Lei sorrise e lo prese sottobraccio. «E’ bello rivederti, Vaygay.»
«Un piacere raro, mia cara.»
Lungo la strada per Socorro, per un muto accordo reciproco, si scambiarono soprattutto delle battute di spirito. Valerian e l’autista, uno dei nuovi agenti di sicurezza, stavano davanti. Peter, un uomo poco loquace anche in circostanze normali, si limitava ad abbandonarsi all’indietro e ad ascoltare la loro conversazione, che sfiorava soltanto il problema che i russi erano venuti a discutere: il terzo livello del palinsesto, l’elaborato, complesso, e ancora indecifrato Messaggio che stavano ricevendo collettivamente. Il governo statunitense con una certa riluttanza aveva concluso che la partecipazione sovietica era essenziale.
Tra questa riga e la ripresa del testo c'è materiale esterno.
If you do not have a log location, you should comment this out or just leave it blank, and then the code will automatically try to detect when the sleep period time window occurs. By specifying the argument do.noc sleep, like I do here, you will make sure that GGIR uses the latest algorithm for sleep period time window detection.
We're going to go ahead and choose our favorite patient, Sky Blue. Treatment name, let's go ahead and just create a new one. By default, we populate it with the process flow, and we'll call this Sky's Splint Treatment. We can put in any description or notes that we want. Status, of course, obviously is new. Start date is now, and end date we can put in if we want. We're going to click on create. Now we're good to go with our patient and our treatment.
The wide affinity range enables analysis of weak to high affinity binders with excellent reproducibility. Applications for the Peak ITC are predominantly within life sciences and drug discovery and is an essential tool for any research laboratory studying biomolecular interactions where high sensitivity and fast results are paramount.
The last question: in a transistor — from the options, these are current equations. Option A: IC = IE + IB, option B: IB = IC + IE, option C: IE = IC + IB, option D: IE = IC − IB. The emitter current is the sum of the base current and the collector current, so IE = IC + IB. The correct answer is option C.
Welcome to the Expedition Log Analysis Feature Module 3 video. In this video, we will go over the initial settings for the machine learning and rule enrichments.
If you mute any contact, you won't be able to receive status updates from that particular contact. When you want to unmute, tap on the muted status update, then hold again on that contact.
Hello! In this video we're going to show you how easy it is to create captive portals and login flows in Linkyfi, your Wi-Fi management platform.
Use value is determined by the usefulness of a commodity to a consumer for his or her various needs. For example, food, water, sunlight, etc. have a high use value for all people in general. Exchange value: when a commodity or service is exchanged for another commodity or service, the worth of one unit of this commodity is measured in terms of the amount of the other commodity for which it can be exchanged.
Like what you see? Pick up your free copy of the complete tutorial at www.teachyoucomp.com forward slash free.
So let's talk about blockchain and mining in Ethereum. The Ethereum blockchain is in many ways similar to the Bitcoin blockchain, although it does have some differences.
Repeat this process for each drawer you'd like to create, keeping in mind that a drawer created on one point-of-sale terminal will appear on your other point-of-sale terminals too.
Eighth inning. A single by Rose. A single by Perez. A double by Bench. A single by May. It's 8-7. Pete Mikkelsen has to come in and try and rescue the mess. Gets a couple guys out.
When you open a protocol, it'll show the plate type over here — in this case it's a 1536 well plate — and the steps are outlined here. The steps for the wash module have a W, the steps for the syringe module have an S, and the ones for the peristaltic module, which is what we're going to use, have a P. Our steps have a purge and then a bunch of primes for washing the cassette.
Ciò era vero soprattutto perché il segnale da Vega era così forte che per-sino i radiotelescopi modesti potevano scoprirlo. Anni prima, i sovietici avevano prudentemente disseminato una certa quantità di piccoli telescopi lungo l’intero territorio euroasiatico, coprendo 9-000 chilometri di superficie terrestre, e di recente avevano completato un radio-osservatorio importante vicino a Samarcanda. Inoltre, navi oceaniche russe per l’intercettazione dei satelliti stavano solcando sia l’Atlantico che il Pacifico.
Alcuni dei dati raccolti dai sovietici erano superflui, perché anche gli osservatori in Giappone, in Cina, in India e in Iraq stavano registrando quei segnali. Certamente, ogni importante radiotelescopio del mondo che avesse Vega nel suo cielo stava in ascolto. Astronomi britannici, francesi, olandesi, svedesi, tedeschi, cecoslovacchi, canadesi, venezuelani e australiani stavano registrando piccoli frammenti del Messaggio, seguendo Vega dal suo sorgere al suo tramontare. In alcuni osservatori le apparecchiature di rivelazione non avevano neppure la sensibilità sufficiente per scoprire i singoli impulsi. Comunque ascoltavano un ronzio indistinto. Ognuna di queste nazioni possedeva un pezzette del puzzle, perché, come Ellie aveva ricordato a Kitz, la Terra gira. Ogni nazione tentava di trovare un qualche significato negli impulsi. Ma era difficile. Nessuno riusciva a dire nemmeno se il Messaggio fosse scritto in simboli o in fotogrammi.